▶ _Aim of the exercise_
Below, find the line containing "chard flint" and the line containing "Ijms 26 08743 g001 Ijms 26 08743 g001"; reproduce exactly those two and every line between them, omitting pictures.
--- Data to process Enclosed Below ---
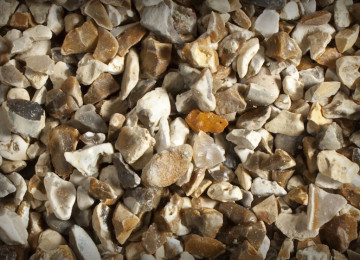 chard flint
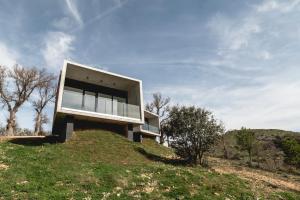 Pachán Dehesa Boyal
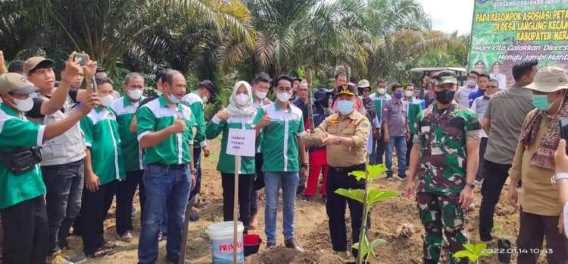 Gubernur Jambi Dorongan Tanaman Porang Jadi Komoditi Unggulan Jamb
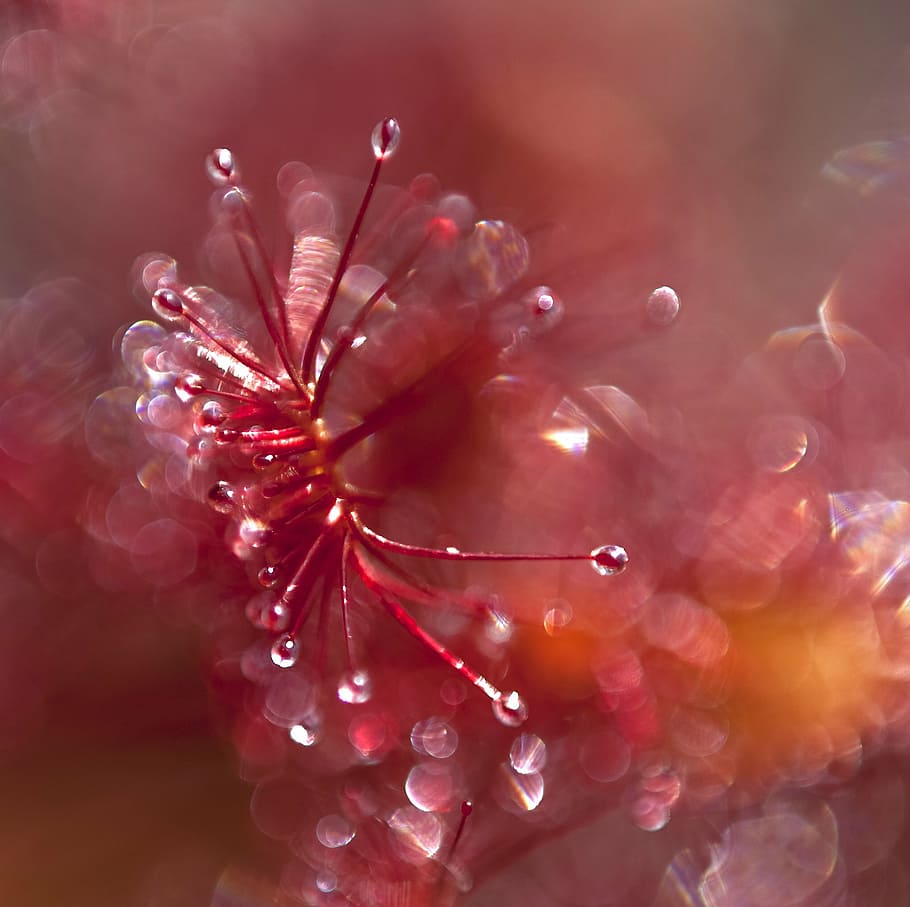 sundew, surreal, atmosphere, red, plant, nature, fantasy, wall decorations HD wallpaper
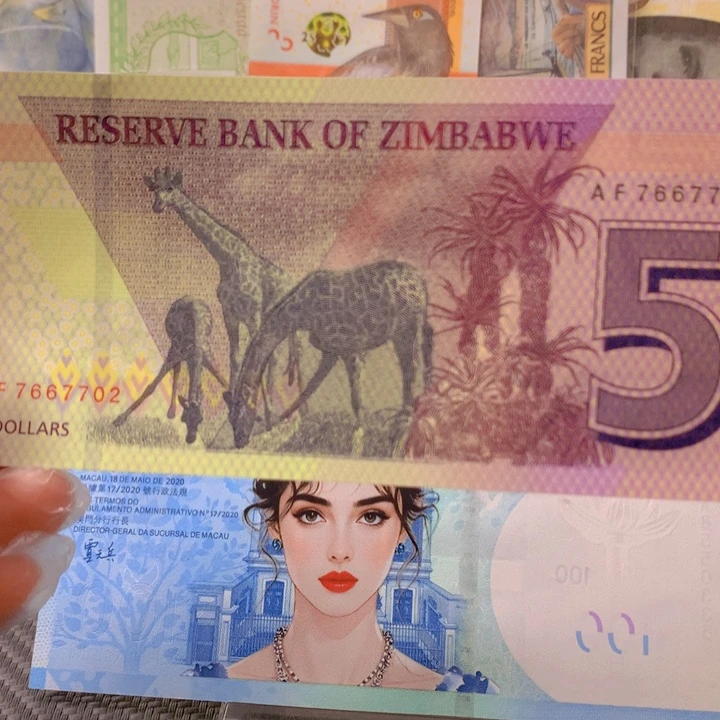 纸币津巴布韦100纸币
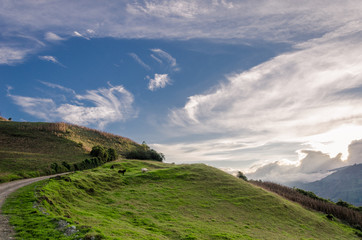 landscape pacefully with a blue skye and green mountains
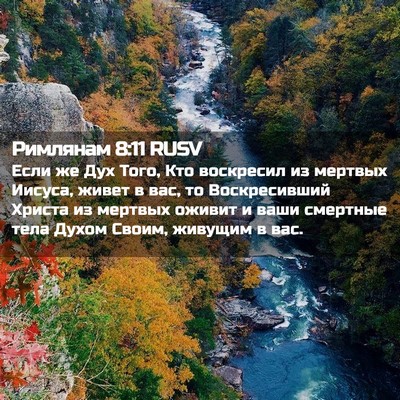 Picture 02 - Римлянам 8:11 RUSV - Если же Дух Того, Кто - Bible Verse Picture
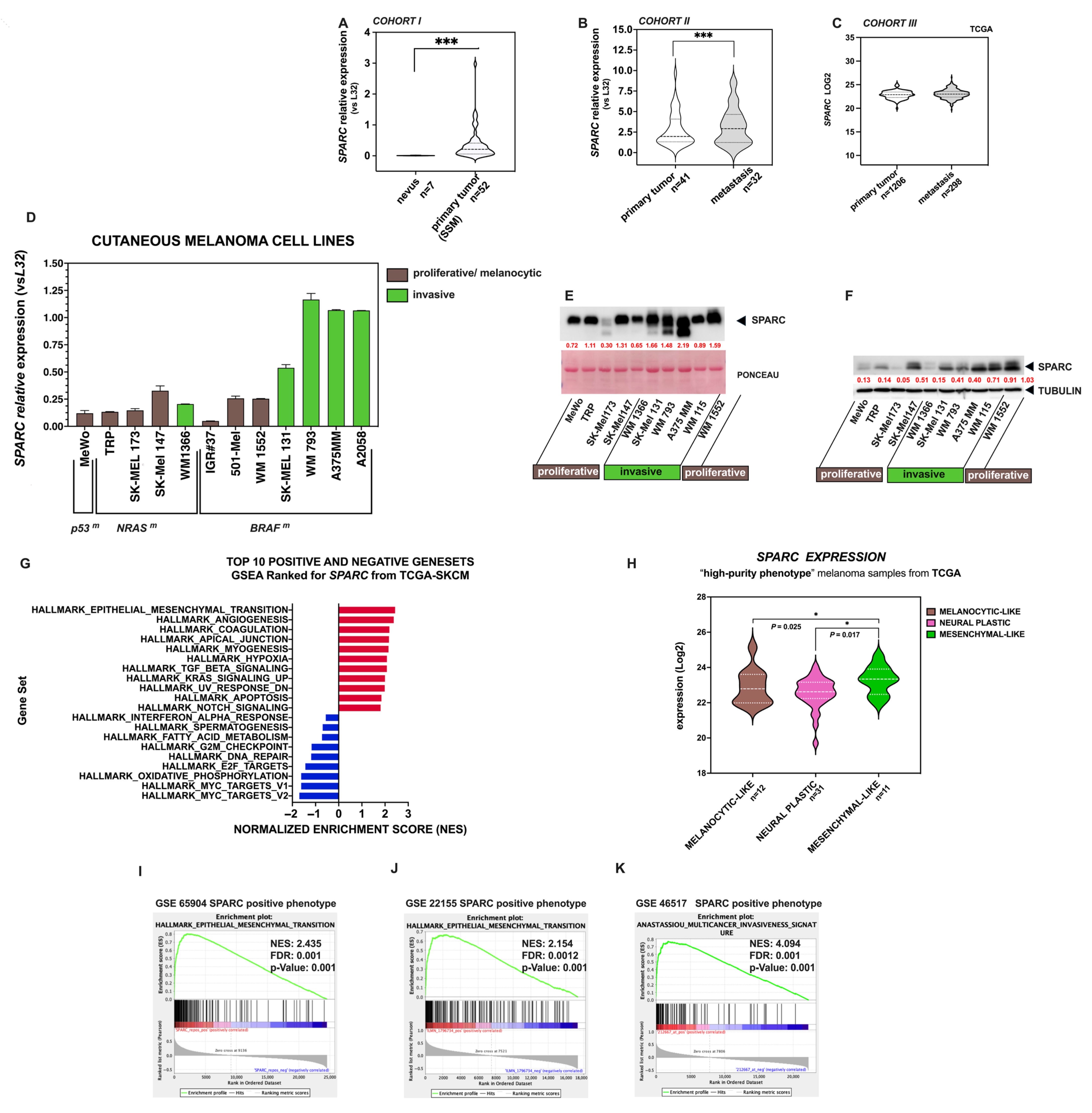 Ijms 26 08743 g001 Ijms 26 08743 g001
--- End of Enclosed Data to process ---
--- Data to process Enclosed Below ---
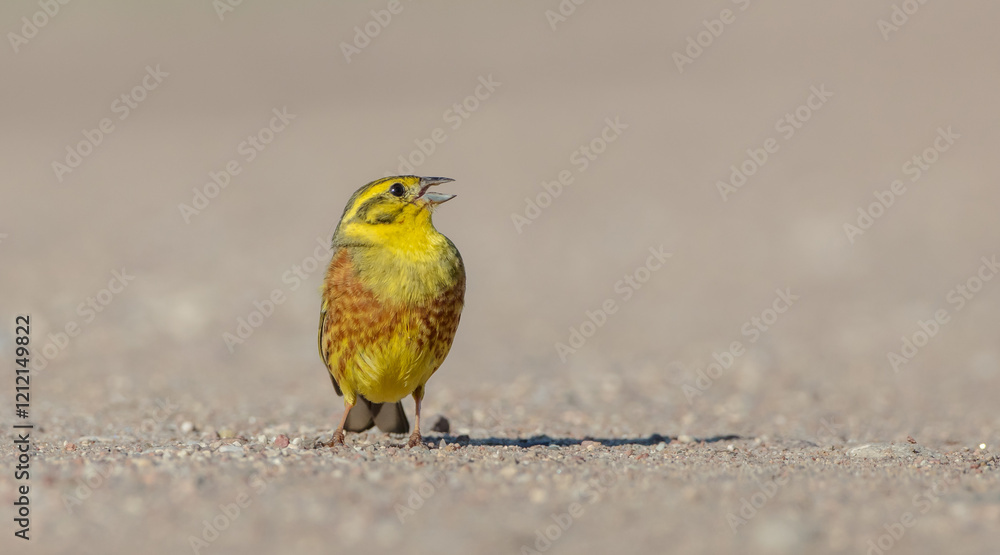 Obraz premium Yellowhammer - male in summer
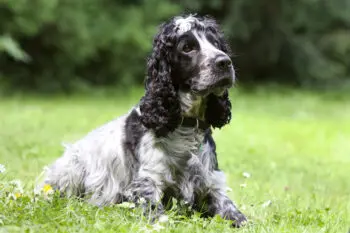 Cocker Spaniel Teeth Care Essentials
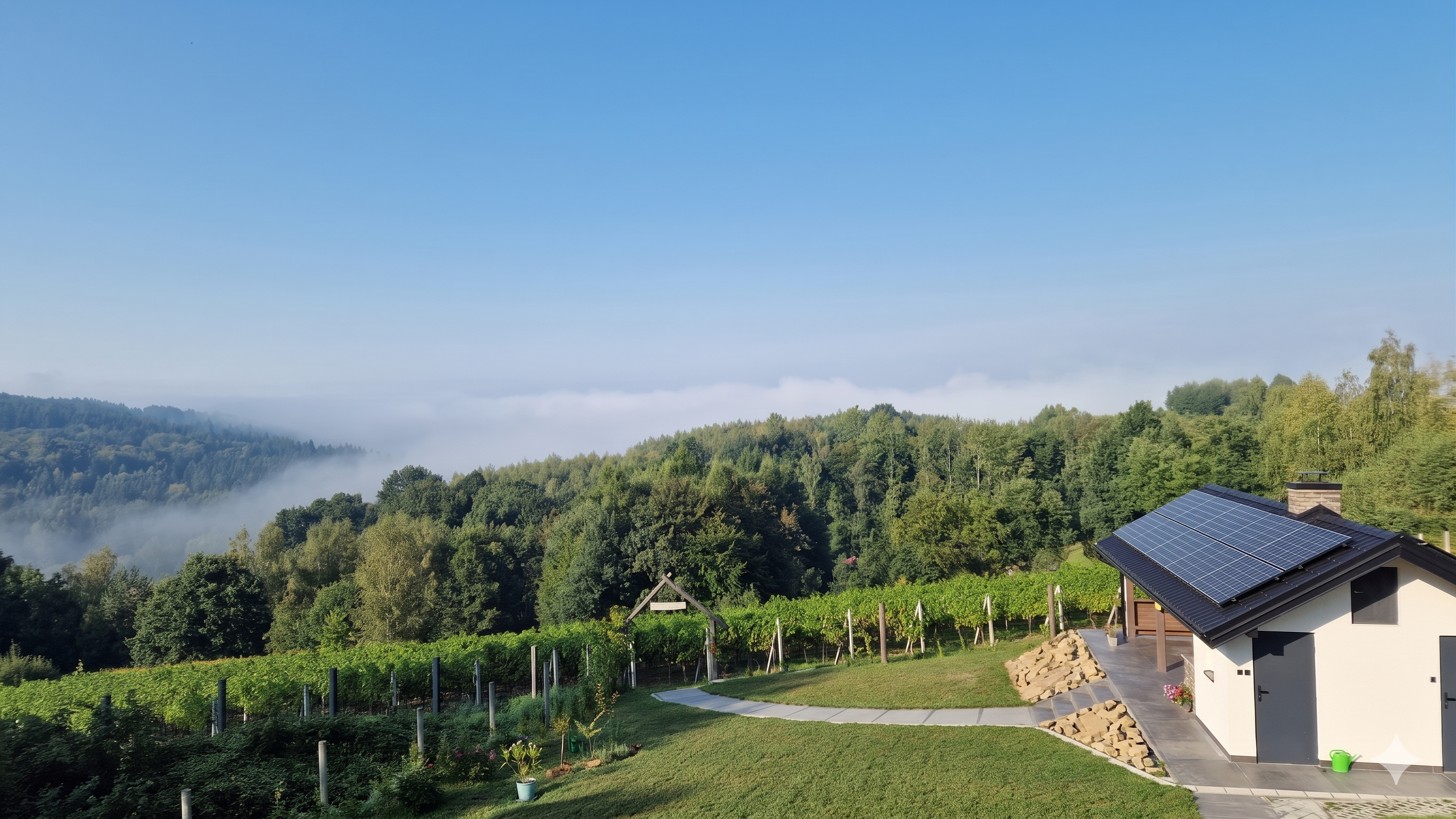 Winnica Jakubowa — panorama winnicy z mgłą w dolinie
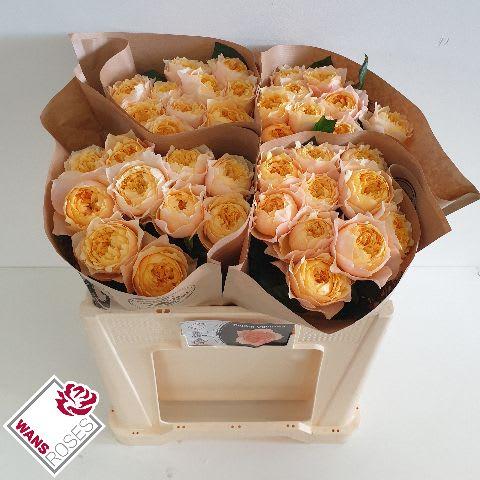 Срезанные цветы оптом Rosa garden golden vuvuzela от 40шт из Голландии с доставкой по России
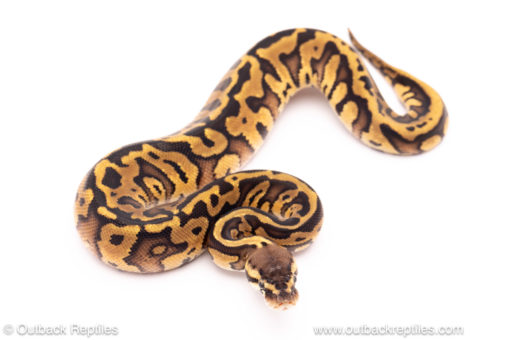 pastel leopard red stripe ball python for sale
--- End of Enclosed Data to process ---
▶ _Exercise answer_
 chard flint
 Pachán Dehesa Boyal
 Gubernur Jambi Dorongan Tanaman Porang Jadi Komoditi Unggulan Jamb
 sundew, surreal, atmosphere, red, plant, nature, fantasy, wall decorations HD wallpaper
 纸币津巴布韦100纸币
 landscape pacefully with a blue skye and green mountains
 Picture 02 - Римлянам 8:11 RUSV - Если же Дух Того, Кто - Bible Verse Picture
 Ijms 26 08743 g001 Ijms 26 08743 g001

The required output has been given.